Daphne Brozyna provided the Farewell Address, which focused quite uniquely on death.
“Psychological research states that the human psyche struggles to comprehend its own end. Death as a concept perplexes us, not because we lack imagination, but because our consciousness is the bane of our existence. If we cannot grasp nonbeing, can we even fear it at all?” she said. “Unfortunately, the inability to fully wrap our minds around this idea does not stop us from contemplating it.”
Brozyna said required readings have been rife with concepts of death.
“It’s as if every author got together and said, ‘Let’s make high schoolers overthink mortality for fun,’” she said. “Yet, despite all these texts, the question of why we fear death remains unanswered.”
She said the solution to fearing death is to live life to its fullest.

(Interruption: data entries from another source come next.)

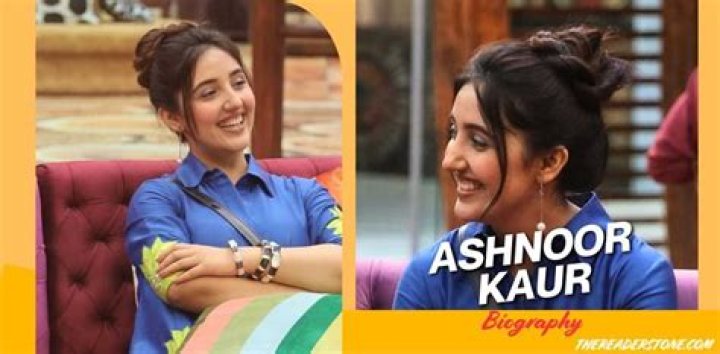 Ashnoor Kaur - Net Worth, Age, Height, Birthday, Bio, Wiki!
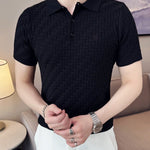 Tunizuna - Polo Shirt for Men - Sarman Fashion - Wholesale Clothing Fashion Brand for Men from Canada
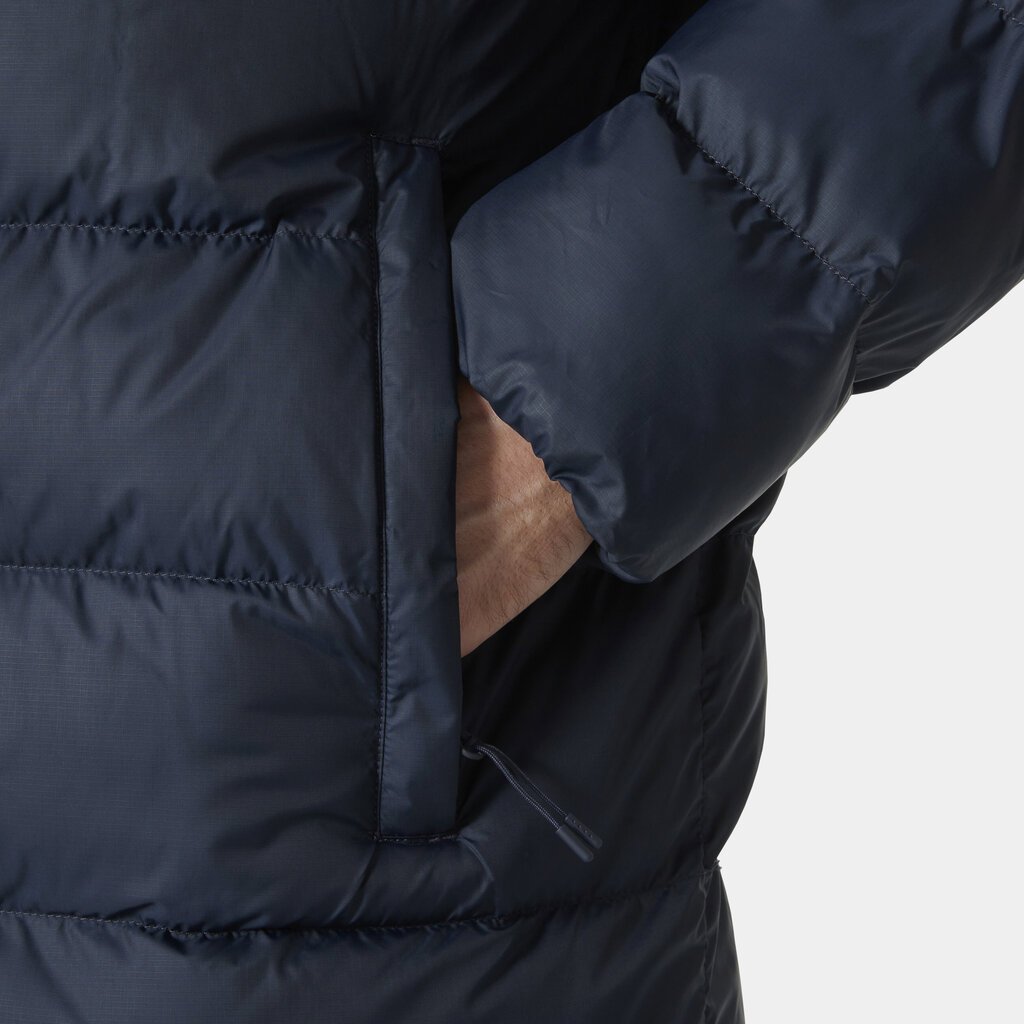 Helly Hansen meeste talveparka OSLO, tumesinine цена и информация | Joped meestele | hansapost.ee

“Think of the Friday night football games we have piled into over the years. The bleachers rattling under our stomping feet; the scramble for seats at halftime; the way we’d linger afterward, reluctant to let the night end. Those moments weren’t about dissecting life’s big questions — they were about drowning in the excitement,” Brozyna said. “But now the season is over. The field has gone quiet, the stands have emptied, and we are left with the same emptiness.”

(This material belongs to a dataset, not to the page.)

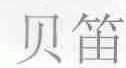 贝笛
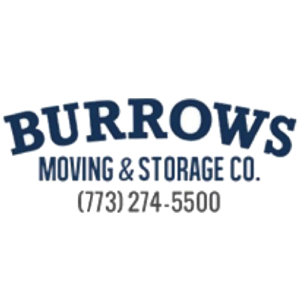 Burrows Moving & Storage Company logo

She said an almost identical uneasiness stirs when imagining death — “The dread of an ending we feel but cannot outrun.”
“When we chased that Friday night high, we knew, somewhere in the back of our minds, that it would slip away — just like everything does. This is not an answer, just a thread pulling us toward the same mystery — why does the idea of it all coming to an end — whether it be the football season, high school or death — weigh so heavy?”
Ultimately, she said, the fear is not of death but of losing life.
“We are afraid to leave the extraordinary gift we have shared, and frequently taken for granted — the gift of being alive, together,” she said.
Brozyna said everyone gets to decide whether to live life of fear death.
“The power of choice is deeply underestimated. Every decision we make — every moment we choose to be present or let pass us by — shapes whether we will look back wishing we had lived differently,” she said.

“When we think back on high school, it won’t be this one hour ceremony that we remember most. It will be the summation of all that came before it,” Brozyna continued. “There is no shame in striving for our dreams, but the key to happiness is appreciating the small moments while we are still living them.”
She left the Class of 2025 with the message that the commonplace is not something to escape, but something to embrace.
“To live and love life fully is to see the beauty in its quiet constants — not in spite of them, but because of them. Let us not fear death because we wasted life, but because we lived life so fully that its loss feels unimaginable,” Brozyna said.